--- Material provided ---
* * * *

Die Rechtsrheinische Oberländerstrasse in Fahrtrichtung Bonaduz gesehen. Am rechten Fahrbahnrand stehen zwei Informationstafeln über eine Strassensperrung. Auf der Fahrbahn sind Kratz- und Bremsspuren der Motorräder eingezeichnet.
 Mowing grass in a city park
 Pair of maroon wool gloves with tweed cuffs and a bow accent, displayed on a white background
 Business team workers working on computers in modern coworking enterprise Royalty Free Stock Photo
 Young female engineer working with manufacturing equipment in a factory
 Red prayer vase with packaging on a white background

* * * *

--- Task instructions ---
Go through the preceding material and copy each line that has the word "with".

--- Solution to this problem ---
 Pair of maroon wool gloves with tweed cuffs and a bow accent, displayed on a white background
 Young female engineer working with manufacturing equipment in a factory
 Red prayer vase with packaging on a white background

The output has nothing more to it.